Stories by Nkiruka Nnorom
INVESTMENT bankers have expressed concern over the ability of the Federal Government to raise the mining sector’s contribution to the Gross Domestic Product (GDP) by three percent by 2025.
The Minister for Mines and Steel Development, Olamilekan Adegbite had said that the ministry has set a target for the mining sector to contribute three percent of the nation’s GDP by 2025 as part of the efforts to contribute to the current administration’s diversification project. According to him, the sector has seen steady growth and is now poised to achieve exponential growth as investments in the sector begin to crystallize.
Adegbite had noted that investors can now wholly own projects without the government owning a stake. He also stated that investors would be encouraged to reach agreements with host communities on plans for community development to prevent hostilities from the host communities as frequently experienced by oil producers.
These policies, according to him, should encourage further investments in the sector and aid the plans to have 50 active mines in Nigeria by the end of his tenure in 2023.
However, analysts at CSL Securities said in a research note that several administrations had set similar targets in the past without backing it up with necessary action.
“Several administrations in the past had stated commitments to revitalize the mining sector given the huge potentials for revenue generation and diversification. However, these talks never led to any meaningful development within the sector.

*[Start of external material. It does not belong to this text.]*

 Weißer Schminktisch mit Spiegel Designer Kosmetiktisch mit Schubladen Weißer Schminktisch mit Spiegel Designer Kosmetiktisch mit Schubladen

“Several issues continue to constrain growth in the sector, including poor infrastructure, weak regulatory framework and institutions, lack of oversight, lack of best practices and lack of data. Furthermore, concerns over illegal mining, lack of protection for legal miners as well as dichotomy between federal and state governments have all contributed to constraining investments in the sector,” they said.
They stated that illegal miners in Zamfara routinely smuggled gold to neighbouring countries like Niger and Togo, saying that this has led to banditry in the state, forcing the federal government to impose a ban on any form of mining activities in the state.
“While mining as a business activity in Nigeria is carried out on artisanal basis, a few foreign investors have weathered the storm despite challenging conditions to make significant investments in the Nigerian mining sector. Some of these investors include Australia’s Symbol Mining who develop lead & zinc projects in Benue, Thor Explorations, a Canadian company which owns the Segilola gold project,” they added.